Cytotoxic and inflammatory processes caused by the presence and activity of bacteria in semen are often accompanied by ROS overproduction. The resulting oxidative stress may ultimately cause more profound damage to the sperm cell, which is associated with an increased peroxidation of lipids present in the sperm plasma membrane [
15,
19]. Subsequent oxidative chain reactions will lead to alterations in the membrane fluidity and permeability, and disintegration of the internal milieu of the sperm cell, which will be translated into the loss of vitality and activity [
14,
15,
19,
46]. Furthermore, bacterial contamination has been frequently associated with an elevated sperm DNA fragmentation index [
15,
19,
47,
48]. An increased percentage of spermatozoa with fragmented DNA in the presence of a higher bacterial load may be associated with oxidative insults to the DNA molecule stemming from ROS overproduction and an elevated oxidative pressure [
14,
47]. This hypothesis has been also previously supported by positive associations between the extent of sperm DNA damage with the amounts of ROS and bacterial load.
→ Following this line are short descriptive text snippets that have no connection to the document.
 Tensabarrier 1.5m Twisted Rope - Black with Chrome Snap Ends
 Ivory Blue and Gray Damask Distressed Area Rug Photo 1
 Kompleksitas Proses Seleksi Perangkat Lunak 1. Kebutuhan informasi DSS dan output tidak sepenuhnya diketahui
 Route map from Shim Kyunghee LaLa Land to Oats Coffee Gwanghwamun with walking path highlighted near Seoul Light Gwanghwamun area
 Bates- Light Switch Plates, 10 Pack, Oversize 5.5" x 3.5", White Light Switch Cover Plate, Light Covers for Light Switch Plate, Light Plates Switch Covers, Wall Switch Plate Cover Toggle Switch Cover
Moreover, as suggested by Ďuračka et al. [
15] and Lenický et al. [
19], the release of bacterial endotoxins triggers apoptosis or necrosis, which are accompanied by the loss of DNA stability [
48].
Finally, it is of relevance to pay attention to the effects of antibiotics on the sperm structure and function. While it has been demonstrated that antibiotic supplementation to semen extenders is beneficial by inhibiting the bacterial growth in ejaculates during their storage, their direct impact on the structures crucial for the sperm cell to reach the egg and accomplish a successful fertilization are yet to be studied. While most previous reports [
16,
49] claim that currently available antibiotic supplements do not exhibit a negative effect on the sperm survival, more understanding on complex and perhaps unexpected effects on relevant production aspects such as fertility, prolificacy, fecundity, or sex-ratio are still necessary.